Letter to the Editor

Note: This article is hosted here for archival purposes only. It does not necessarily represent the values of the Iron Warrior or Waterloo Engineering Society in the present day.

Re: The IW office

To whom it may concern,

The office of The Iron Warrior is generally a nice place to stay. There’s always plenty of food, it’s airy and cheerful and just a great place to be when no one else is around. For us flies, the IW office, as it’s affectionately dubbed, is generally just a little piece of heaven. However, from time to time, (every two weeks, to be precise) it becomes the worst place to be. Your production people start showing up early Friday afternoon and laze about on their laptops and computers. They throw their stuff around and get settled in as if they owned the place. They don’t leave the office until the late hours of the night and when they do, they’re always careful to take out that delectable source of wonder, which you know as the garbage. And that’s only the beginning of a weekend-long marathon of disturbances.

On Saturdays, your staff shows up around 9am, which is far too early. Again, they stay in the office all day long, not giving us one minute of respite. If one of my unfortunate fellows dares to show himself during this time he will be received, at first, with rude swatting motions, and later, with aggression. I, myself, have lost count of the number of times that a person widely brandishing a newspaper has only narrowly missed my wingtips. To add insult to injury, a tally has been set up on the white board as a result of your staff competing to kill the most flies using Imprint. This is an outrage and must be stopped at once. It is also on Saturdays that they disgracefully attempt to explain why time flies like an arrow but fruit flies like a banana. People should just accept that flies like things.

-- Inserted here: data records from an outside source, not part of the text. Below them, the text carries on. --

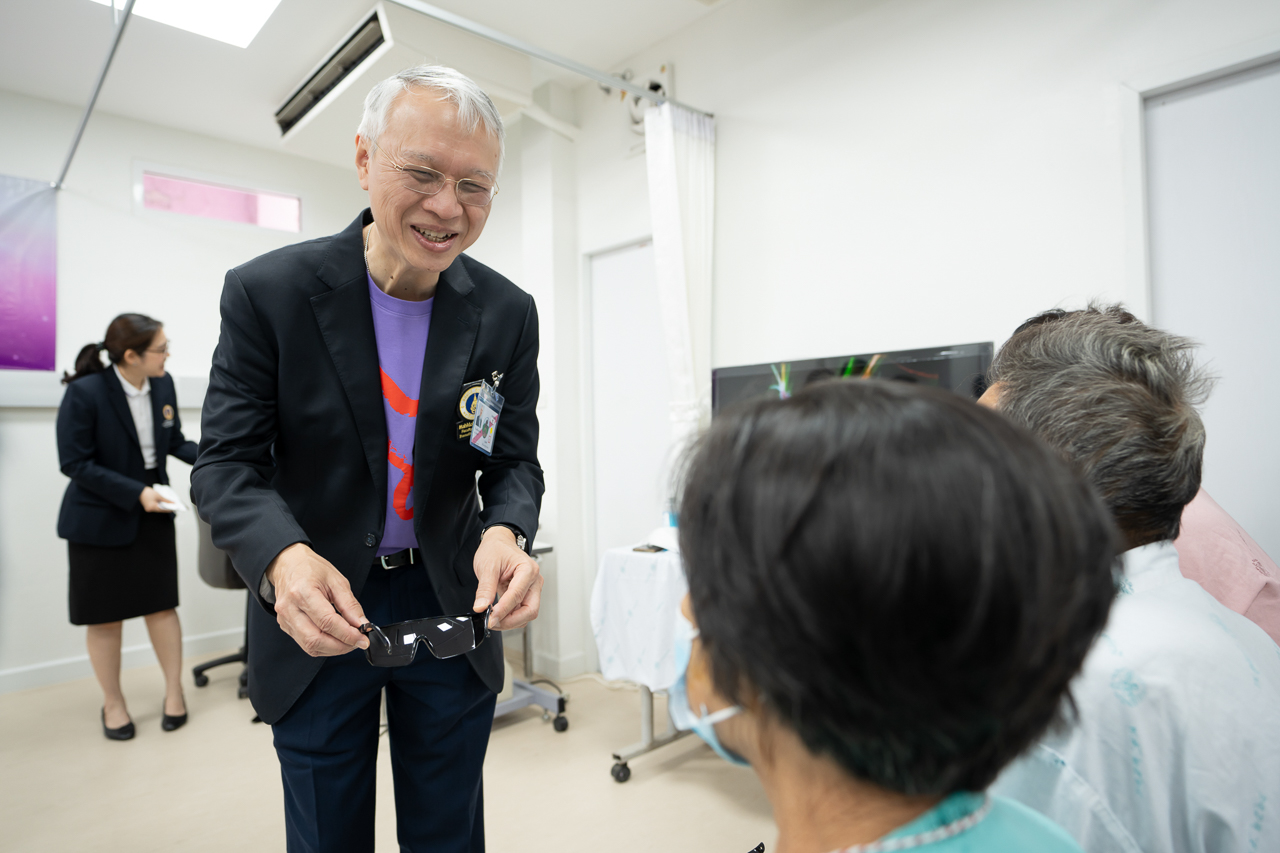 สมเด็จพระกนิษฐาธิราชเจ้า กรมสมเด็จพระเทพรัตนราชสุดา ฯ สยามบรมราชกุมารี เสด็จพระราชดำเนินไปอาคารเจ้าฟ้ามหาจักรีสิรินธร โรงพยาบาลอุทัยธานี อำเภอเมือง จังหวัดอุทัยธานี ทอดพระเนตรการดำเนินงานโครงการเฉลิมพระเกียรติฯ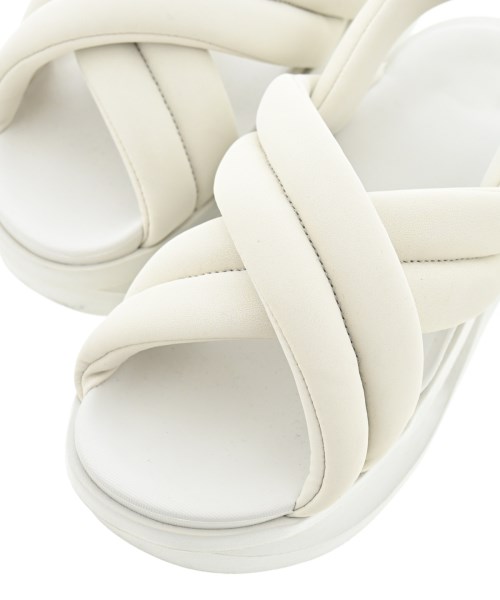 NIKE（ナイキ）サンダル 白 サイズ:23cm レディース/2200615323060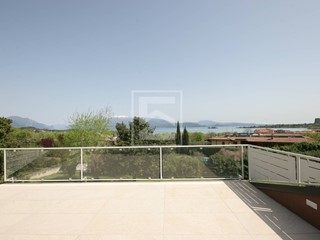 Villa in Vendita a Manerba del Garda, 1'050'000€, 290 m²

Sundays of production weekend are the worst of all. It is on this day that your staff screams without patience and manages to torture us further by bringing in food that they refuse to share, even when the bravest of my comrades exposes himself to seize a crumb. As a result of all these weekends of torture, I must request that you apologise without delay for the mortal wounds you have inflicted upon no less than six of my comrades and turn in the murderers, especially Krishna Iyer, so that justice can be carried out. I also demand that your staff relinquish the use of the IW office to us immediately and, in apology for all the trauma they have caused, provide us with no less than three garbage-cans full of organic waste which should be left to decompose, spread on the floor of the IW office until the beginning of January. Similar arrangements must be made with the incoming Editor-in-Chief. She should be warned that we will not be so lenient in the future if the IW office is ever again invaded by people.